THIS EMPLOYMENT AGREEMENT
(“Agreement”), effective this 8th day of June, 2009
(the “Effective Date”), is entered into by and between
(“Executive”) and Pike Electric Corporation (the
“Employer” and, collectively with its successors,
designees and past, present and future operating companies,
divisions, subsidiaries and affiliates, the
“Company”).
WHEREAS, Executive has heretofore been employed
by Pike Electric, Inc., a subsidiary of the Employer, in a position
of senior management up to and through the Effective Date, pursuant
to a contract of employment dated
, 200 (the “Previous
Employment Agreement”), and desires to be employed by the
Employer on the terms and subject to the conditions set forth in
this Agreement; and
WHEREAS, the Employer desires to retain the
services of Employee on the terms and subject to the conditions set
forth in this Agreement;
NOW, THEREFORE, in consideration of the mutual
representations, warranties, covenants and agreements set forth
herein, and for other good and valuable consideration, the receipt
and sufficiency of which are hereby acknowledged, the parties
hereto, intending to be legally bound, agree as follows:
1. Employment . Subject to the
terms and conditions of this Agreement, the Employer agrees to
employ Executive, and Executive agrees to be employed by the
Employer, as of the Effective Date pursuant to the terms herein.
This Agreement supersedes in its entirety the Previous Employment
Agreement, which shall be null and void as of the Effective Date,
and Pike Electric, Inc. joins in this Agreement for the limited
purpose of confirming with the Executive that the Prior Employment
Agreement is null and void as of the Effective Date.
2. Position . During the period of
his employment hereunder, Executive agrees to serve the Company,
and the Employer shall employ Executive, as
, or in such other executive capacity or capacities, at the same
level of seniority, as may be determined from time to time by the
Chief Executive Officer of the Employer (the “CEO”). If
appointed or elected, Executive also shall serve as an officer,
director and/or manager of one or more of the Employer’s
subsidiaries and affiliated companies in such capacity or
capacities as may be determined from time to time by the
CEO.
3. At-Will
Employment and Duties .
(a) Executive and the Employer agree that
Executive’s employment by the Employer hereunder will be
at-will (as defined under applicable law), and may be terminated at
any time, for any reason, at the option of either party, subject to
the provisions of this Agreement and with the consequences herein
provided.
(b) Duties . During the period of
his employment hereunder and except for illness, reasonable
vacation periods, and reasonable leaves of absence, Executive shall
in good faith devote all of his business time, attention, skill and
efforts to the business and affairs of the Company.
Executive’s duties shall be performed under the direction and
supervision of the CEO. The foregoing shall not be construed as
prohibiting Executive from serving on corporate, civic or
charitable boards or committees or making personal investments, so
long as such activities do not materially interfere with the
performance of Executive’s obligations to the Company as set
forth in this Agreement.
4. Salary;
Bonus; Reimbursement of Expenses; Other Benefits .

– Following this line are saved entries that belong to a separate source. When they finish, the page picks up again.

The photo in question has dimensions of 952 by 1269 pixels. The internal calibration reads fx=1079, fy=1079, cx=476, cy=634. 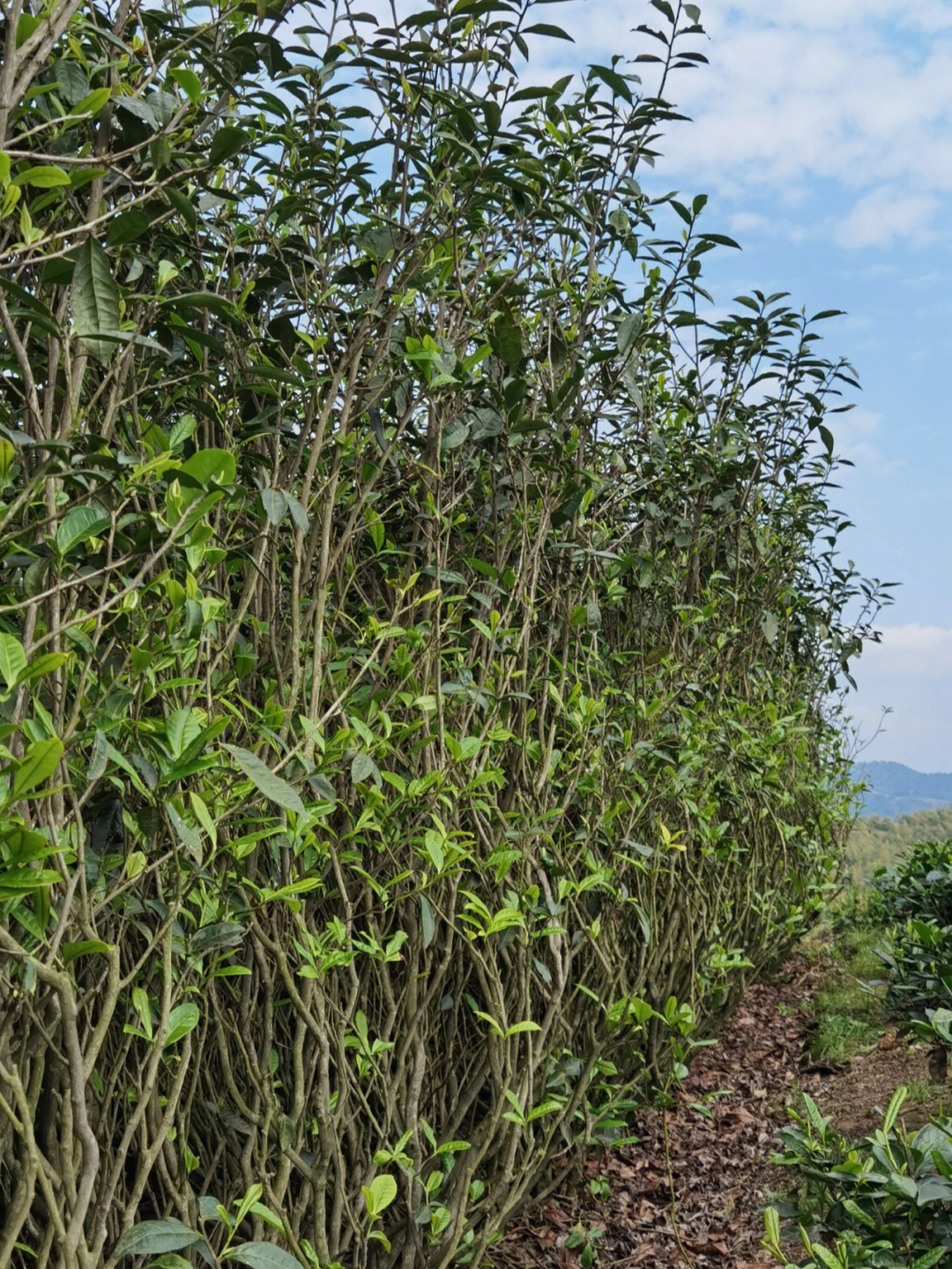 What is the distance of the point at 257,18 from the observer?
243 cm

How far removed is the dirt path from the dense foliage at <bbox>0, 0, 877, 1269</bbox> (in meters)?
0.24

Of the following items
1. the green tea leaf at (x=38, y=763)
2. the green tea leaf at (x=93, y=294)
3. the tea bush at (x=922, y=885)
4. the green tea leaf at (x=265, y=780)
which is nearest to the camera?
the green tea leaf at (x=38, y=763)

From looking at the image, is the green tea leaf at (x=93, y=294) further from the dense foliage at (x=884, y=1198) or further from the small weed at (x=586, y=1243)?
the small weed at (x=586, y=1243)

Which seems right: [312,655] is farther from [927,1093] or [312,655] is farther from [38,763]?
[927,1093]

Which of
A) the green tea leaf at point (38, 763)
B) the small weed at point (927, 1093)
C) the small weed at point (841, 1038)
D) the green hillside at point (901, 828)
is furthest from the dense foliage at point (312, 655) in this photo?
the green hillside at point (901, 828)

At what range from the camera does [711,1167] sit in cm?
405

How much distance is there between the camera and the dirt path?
343 centimetres

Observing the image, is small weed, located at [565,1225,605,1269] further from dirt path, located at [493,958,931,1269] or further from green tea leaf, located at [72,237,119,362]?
green tea leaf, located at [72,237,119,362]

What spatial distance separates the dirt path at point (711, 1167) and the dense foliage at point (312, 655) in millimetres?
237

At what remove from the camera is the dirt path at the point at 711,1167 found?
343 centimetres

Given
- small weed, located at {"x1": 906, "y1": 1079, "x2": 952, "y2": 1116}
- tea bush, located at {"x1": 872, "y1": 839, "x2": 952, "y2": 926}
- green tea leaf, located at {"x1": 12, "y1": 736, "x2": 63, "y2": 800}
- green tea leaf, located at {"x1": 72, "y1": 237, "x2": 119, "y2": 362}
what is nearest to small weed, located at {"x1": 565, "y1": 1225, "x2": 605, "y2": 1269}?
small weed, located at {"x1": 906, "y1": 1079, "x2": 952, "y2": 1116}

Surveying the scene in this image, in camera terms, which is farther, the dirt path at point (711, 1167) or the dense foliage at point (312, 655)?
the dirt path at point (711, 1167)

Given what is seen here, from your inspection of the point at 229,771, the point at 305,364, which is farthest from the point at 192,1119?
the point at 305,364

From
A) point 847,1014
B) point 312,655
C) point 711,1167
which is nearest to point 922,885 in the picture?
point 847,1014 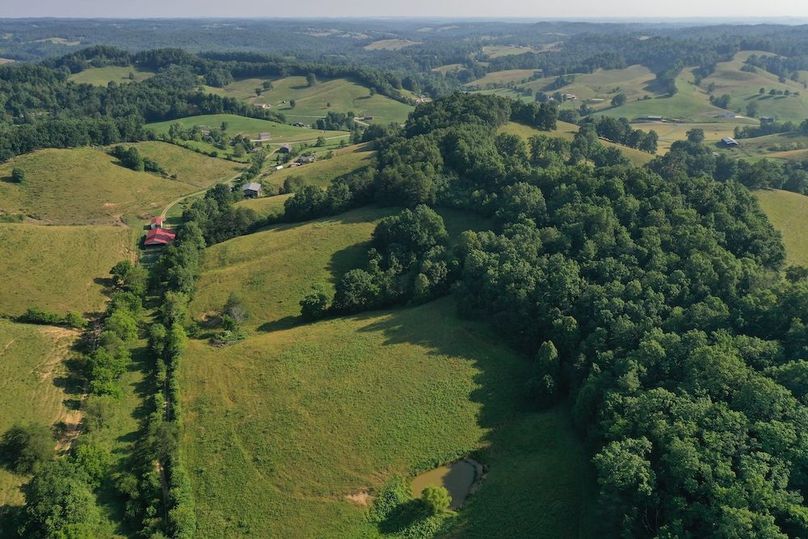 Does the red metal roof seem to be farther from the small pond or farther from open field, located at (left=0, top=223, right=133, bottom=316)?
the small pond

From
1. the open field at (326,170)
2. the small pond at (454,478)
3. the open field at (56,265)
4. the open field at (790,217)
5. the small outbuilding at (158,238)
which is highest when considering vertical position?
the open field at (790,217)

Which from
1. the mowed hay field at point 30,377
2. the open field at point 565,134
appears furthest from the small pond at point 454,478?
the open field at point 565,134

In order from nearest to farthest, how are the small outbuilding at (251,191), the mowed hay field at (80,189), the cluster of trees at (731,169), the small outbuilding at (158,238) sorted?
the cluster of trees at (731,169) → the small outbuilding at (158,238) → the mowed hay field at (80,189) → the small outbuilding at (251,191)

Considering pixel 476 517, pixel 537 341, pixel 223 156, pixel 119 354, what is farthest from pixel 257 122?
pixel 476 517

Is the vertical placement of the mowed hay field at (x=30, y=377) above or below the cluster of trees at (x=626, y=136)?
below

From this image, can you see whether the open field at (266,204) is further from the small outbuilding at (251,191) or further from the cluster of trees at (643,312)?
the cluster of trees at (643,312)

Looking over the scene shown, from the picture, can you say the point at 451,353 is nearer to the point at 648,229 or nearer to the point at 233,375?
the point at 233,375
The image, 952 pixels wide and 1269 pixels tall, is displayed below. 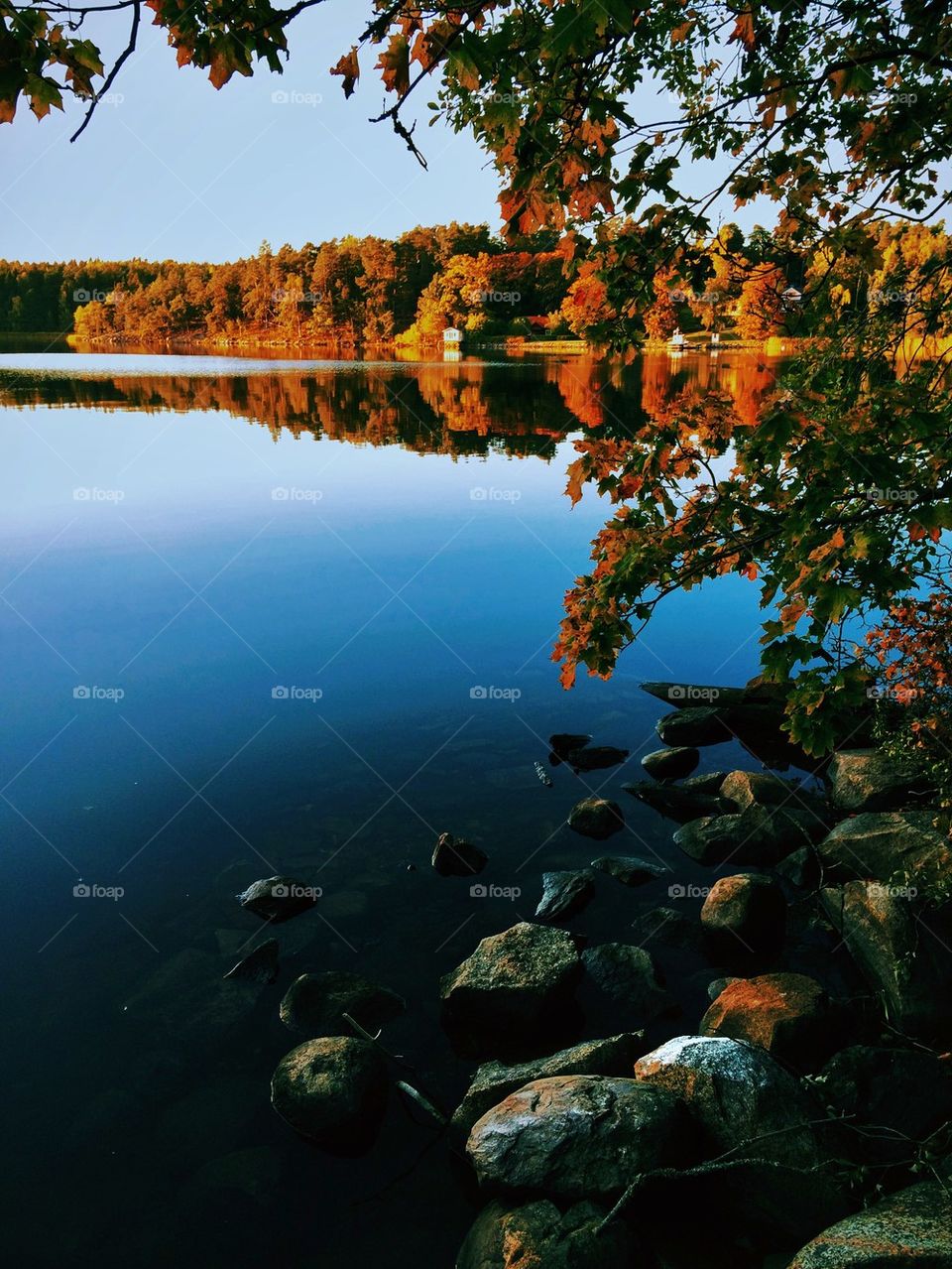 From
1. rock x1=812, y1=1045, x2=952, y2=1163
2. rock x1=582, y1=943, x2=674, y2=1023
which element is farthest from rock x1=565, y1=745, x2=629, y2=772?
rock x1=812, y1=1045, x2=952, y2=1163

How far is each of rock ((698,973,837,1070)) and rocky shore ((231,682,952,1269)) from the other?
0.8 inches

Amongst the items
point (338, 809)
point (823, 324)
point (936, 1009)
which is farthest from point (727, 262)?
point (338, 809)

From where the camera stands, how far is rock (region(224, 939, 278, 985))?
8287 millimetres

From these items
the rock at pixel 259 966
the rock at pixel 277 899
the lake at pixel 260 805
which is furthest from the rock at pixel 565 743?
the rock at pixel 259 966

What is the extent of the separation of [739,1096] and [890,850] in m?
4.26

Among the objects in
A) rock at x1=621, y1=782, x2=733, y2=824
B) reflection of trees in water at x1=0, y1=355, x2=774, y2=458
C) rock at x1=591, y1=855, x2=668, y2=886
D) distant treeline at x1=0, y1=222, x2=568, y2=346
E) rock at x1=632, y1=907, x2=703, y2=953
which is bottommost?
rock at x1=632, y1=907, x2=703, y2=953

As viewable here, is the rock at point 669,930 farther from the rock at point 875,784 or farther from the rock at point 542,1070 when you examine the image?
the rock at point 875,784

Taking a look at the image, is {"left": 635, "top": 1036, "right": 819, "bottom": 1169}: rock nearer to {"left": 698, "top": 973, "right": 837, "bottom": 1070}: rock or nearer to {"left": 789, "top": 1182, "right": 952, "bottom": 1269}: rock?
{"left": 698, "top": 973, "right": 837, "bottom": 1070}: rock

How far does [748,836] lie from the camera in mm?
10664

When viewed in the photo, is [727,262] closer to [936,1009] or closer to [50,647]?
[936,1009]

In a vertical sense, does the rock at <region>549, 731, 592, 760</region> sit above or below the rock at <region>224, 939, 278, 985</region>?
above

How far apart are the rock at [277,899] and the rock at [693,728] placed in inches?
277

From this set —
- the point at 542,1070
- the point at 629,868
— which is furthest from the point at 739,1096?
the point at 629,868

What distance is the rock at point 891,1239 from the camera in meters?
4.55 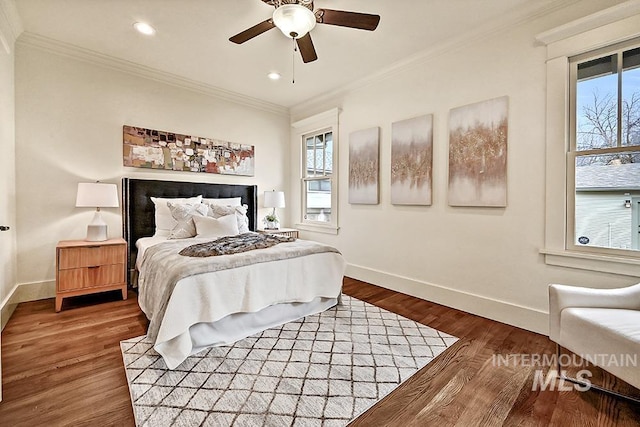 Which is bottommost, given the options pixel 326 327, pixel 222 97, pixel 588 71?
pixel 326 327

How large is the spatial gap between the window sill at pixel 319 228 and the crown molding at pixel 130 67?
210 centimetres

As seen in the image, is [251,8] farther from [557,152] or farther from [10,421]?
[10,421]

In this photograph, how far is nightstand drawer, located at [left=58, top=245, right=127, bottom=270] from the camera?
2.78 m

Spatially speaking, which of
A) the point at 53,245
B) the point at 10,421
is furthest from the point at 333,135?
the point at 10,421

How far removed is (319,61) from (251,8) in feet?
3.67

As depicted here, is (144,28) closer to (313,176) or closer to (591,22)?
(313,176)

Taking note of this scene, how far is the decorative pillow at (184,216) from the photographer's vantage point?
10.7 ft

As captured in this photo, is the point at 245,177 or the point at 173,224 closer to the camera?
the point at 173,224

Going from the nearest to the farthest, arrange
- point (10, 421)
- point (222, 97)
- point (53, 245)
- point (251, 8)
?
1. point (10, 421)
2. point (251, 8)
3. point (53, 245)
4. point (222, 97)

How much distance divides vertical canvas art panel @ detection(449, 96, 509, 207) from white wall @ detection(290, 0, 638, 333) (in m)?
0.07

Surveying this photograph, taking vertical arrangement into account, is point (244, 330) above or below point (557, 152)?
below

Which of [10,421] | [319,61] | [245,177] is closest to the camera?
[10,421]

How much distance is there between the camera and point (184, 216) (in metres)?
3.39

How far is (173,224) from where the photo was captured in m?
3.51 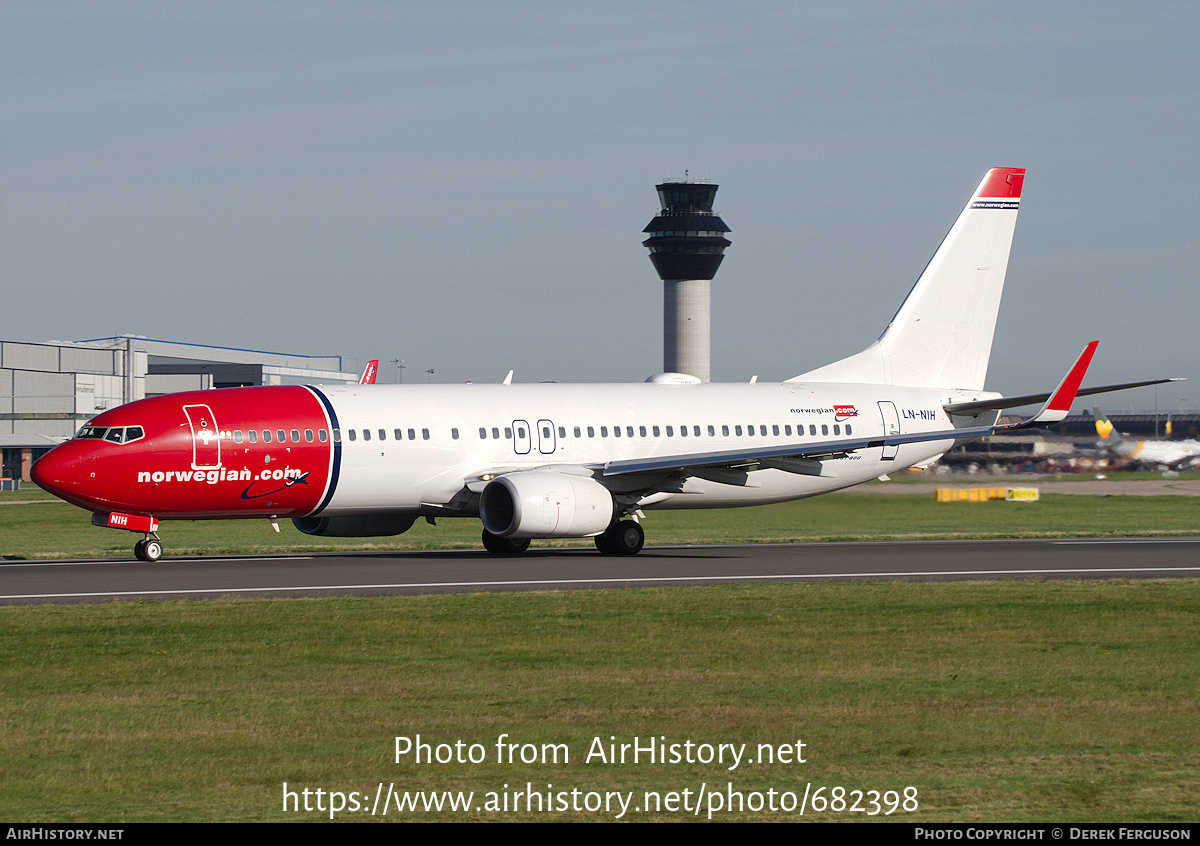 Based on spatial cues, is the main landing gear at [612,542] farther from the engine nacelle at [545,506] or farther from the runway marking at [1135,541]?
the runway marking at [1135,541]

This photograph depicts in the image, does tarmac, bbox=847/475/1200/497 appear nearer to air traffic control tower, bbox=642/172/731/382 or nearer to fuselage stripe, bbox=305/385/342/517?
fuselage stripe, bbox=305/385/342/517

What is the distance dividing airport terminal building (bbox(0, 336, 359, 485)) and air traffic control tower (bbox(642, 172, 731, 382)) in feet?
119

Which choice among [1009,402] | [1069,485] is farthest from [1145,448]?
[1009,402]

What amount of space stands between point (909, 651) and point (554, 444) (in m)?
17.0

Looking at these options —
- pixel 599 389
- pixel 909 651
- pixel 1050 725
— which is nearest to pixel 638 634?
pixel 909 651

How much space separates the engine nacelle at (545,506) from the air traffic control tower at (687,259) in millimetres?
95404

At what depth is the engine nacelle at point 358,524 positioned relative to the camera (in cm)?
3175

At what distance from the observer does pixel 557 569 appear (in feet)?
89.6

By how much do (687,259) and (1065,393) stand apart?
97409mm

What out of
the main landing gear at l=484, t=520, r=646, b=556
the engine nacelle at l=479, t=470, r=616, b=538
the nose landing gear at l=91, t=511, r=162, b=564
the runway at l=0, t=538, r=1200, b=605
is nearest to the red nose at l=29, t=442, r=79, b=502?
the nose landing gear at l=91, t=511, r=162, b=564

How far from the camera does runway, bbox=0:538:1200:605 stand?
23.3 metres

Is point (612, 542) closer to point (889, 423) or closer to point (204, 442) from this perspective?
point (889, 423)

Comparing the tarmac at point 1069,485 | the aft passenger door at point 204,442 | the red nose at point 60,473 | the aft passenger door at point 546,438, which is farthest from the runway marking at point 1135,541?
the red nose at point 60,473
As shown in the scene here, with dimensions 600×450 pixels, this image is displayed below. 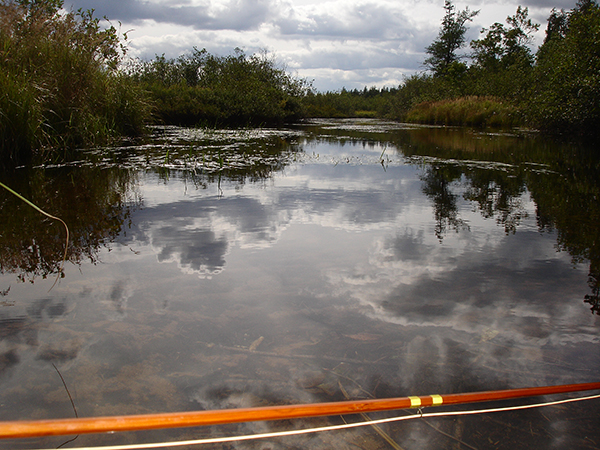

(a) Salary . In consideration of
the services to be rendered by Executive pursuant to this
Agreement, the Company shall pay, or cause to be paid, to Employee
a base salary (the “Base Salary”) as established by or
pursuant to authority granted by the Board of Directors of the
Employer (the “Board”). Executive’s initial Base
Salary shall be the base salary paid by the Company immediately
prior to the Effective Date. The Base Salary shall be reviewed
annually by or pursuant to authority granted by the Board in
connection with its annual review of executive compensation to
determine if such Base Salary should be increased for the following
year in recognition of services to the Company. The Base Salary
shall be payable at such intervals in conformity with the
Company’s prevailing practice as such practice shall be
established or modified from time to time.
(b) Bonuses; Additional
Compensation . Executive will be eligible to receive bonuses
and awards of equity and non-equity compensation and to participate
in annual and long-term compensation plans of the Company in
accordance with any plan or decision that the Board, or any
committee or other person authorized by the Board, may in its sole
discretion determine from time to time.
(c) Reimbursement of Expenses .
Executive shall be paid or reimbursed by the Company, in accordance
with and subject to the Company’s general expense
reimbursement policies and practices, for all reasonable travel and
other business expenses incurred by Executive in performing his
obligations under this Agreement.
(d) Other Benefits . During the
period of employment under this Agreement, Executive shall be
entitled to participate in all other benefits of employment
generally available to other executives of the Company and those
benefits for which such persons are or shall become eligible, when
and as he becomes eligible therefore.
5.
Termination of Employment .
(a) Termination by the Employer for
Cause . The Employer may terminate Executive’s employment
under this Agreement at any time for “Cause” (as
hereinafter defined) whereupon the Employer shall have no further
obligation hereunder to Executive, except for payment of amounts of
Base Salary accrued through the termination date. For purposes of
this agreement, “Cause” shall mean: (i) the
continued willful failure by Executive to substantially perform his
duties with the Company, (ii) the willful engaging by
Executive in gross misconduct materially and demonstrably injurious
to the Company or (iii) Executive’s material breach of
Sections 3, 6 or 7 of this Agreement; provided, that with
respect to any breach that is curable by Executive, as determined
by the Board in good faith, the Employer has provided Executive
written notice of the material breach and Executive has not cured
such breach, as determined by the Board in good faith, within
fifteen (15) days following the date the Employer provides
such notice.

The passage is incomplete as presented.